(Given records begins)
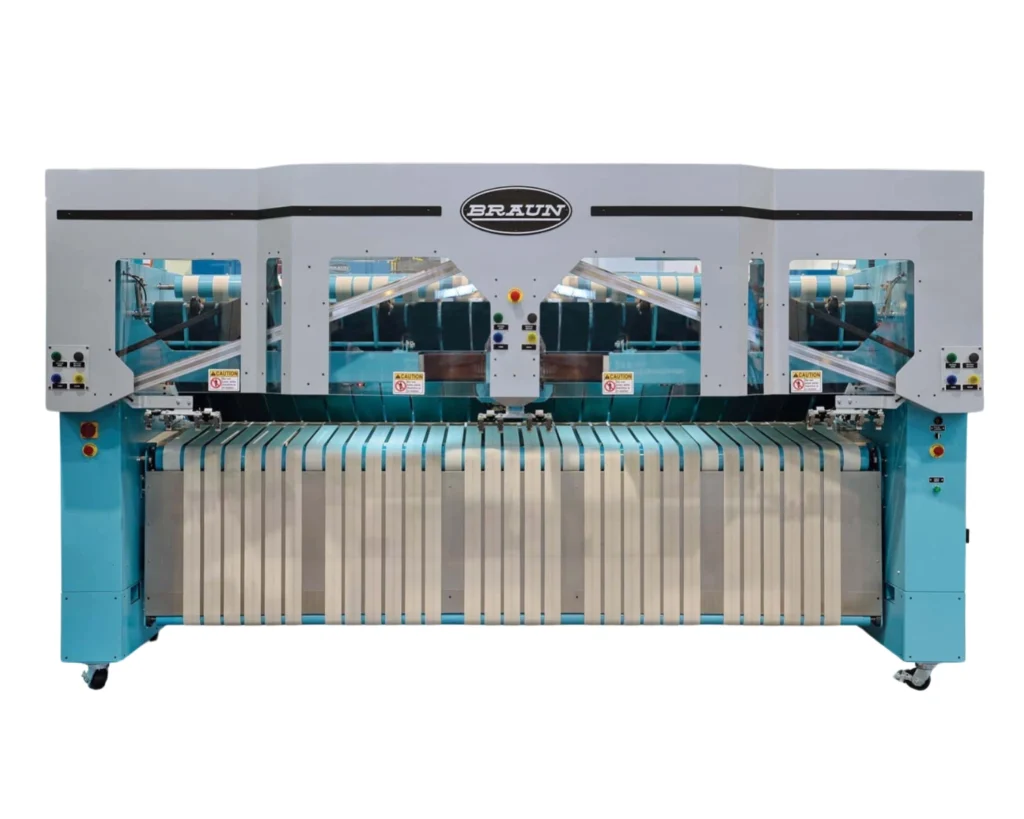 Industrial linen finishing equipment covered by an on-premise laundry emergency plan for safe shutdown and restart.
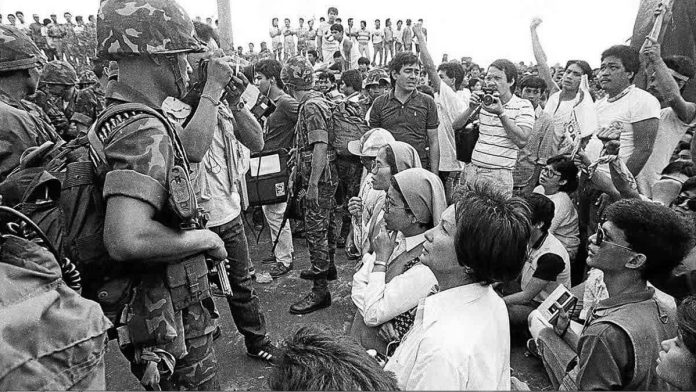 edsa.JPG_resized_compressed This file photo shows a scene during the Edsa People Power Revolution in February 1986. Nuns are seen praying with protesters as government solders look on. INQUIRER FILE PHOTO
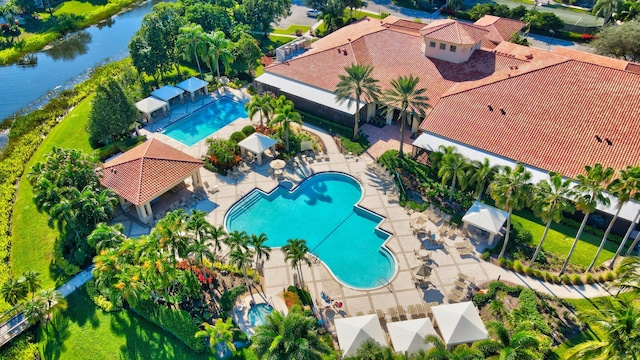 11481 Kanapali Ln, Boynton Beach, FL 33437 - drone / aerial view of a pool area and a nearby body of water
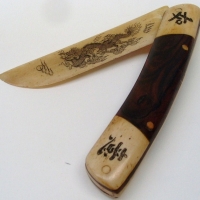 Vintage carved bone oriental letter opener with engraved traditional designs and characters, fold up pocket knife like - Sold for $55 - 2012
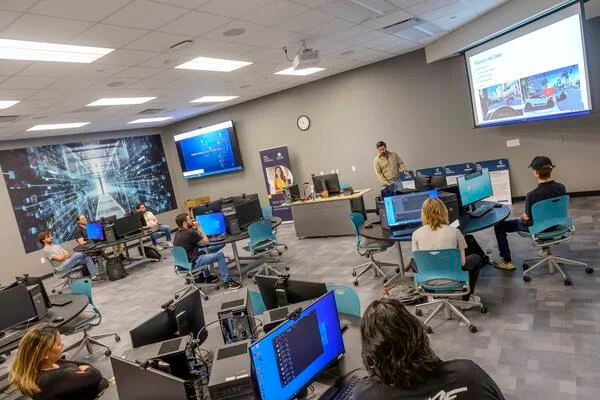 Students sit in turquoise chairs in front of computers. A professor stands behind a desk at the front of the room in front of a projector. 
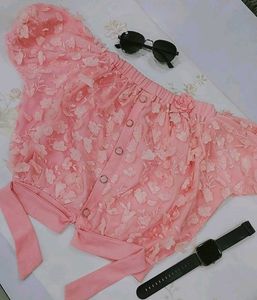 skirt or shorts with floral embellishments.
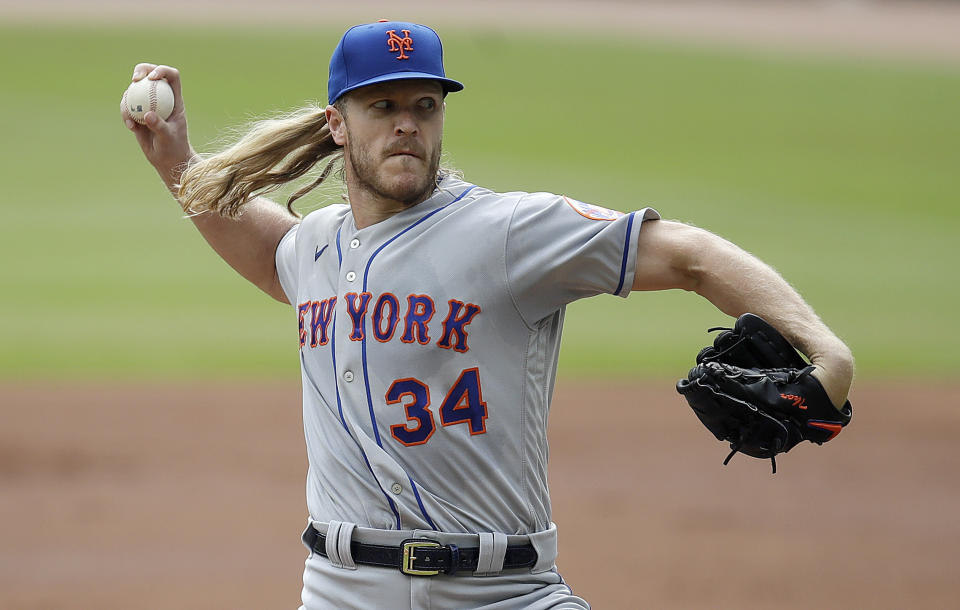 New York Mets pitcher Noah Syndergaard works against the Atlanta Braves in the first inning of a baseball game Sunday, Oct. 3, 2021, in Atlanta. (AP Photo/Ben Margot)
(Given records ends)
- [The problem]: Write out exactly the lines from the line holding "Vintage carved bone" through the last line of the records above, inclusive, and nothing more. Leave out the pictures.

- [Answer to the exercise]:
 Vintage carved bone oriental letter opener with engraved traditional designs and characters, fold up pocket knife like - Sold for $55 - 2012
 Students sit in turquoise chairs in front of computers. A professor stands behind a desk at the front of the room in front of a projector. 
 skirt or shorts with floral embellishments.
 New York Mets pitcher Noah Syndergaard works against the Atlanta Braves in the first inning of a baseball game Sunday, Oct. 3, 2021, in Atlanta. (AP Photo/Ben Margot)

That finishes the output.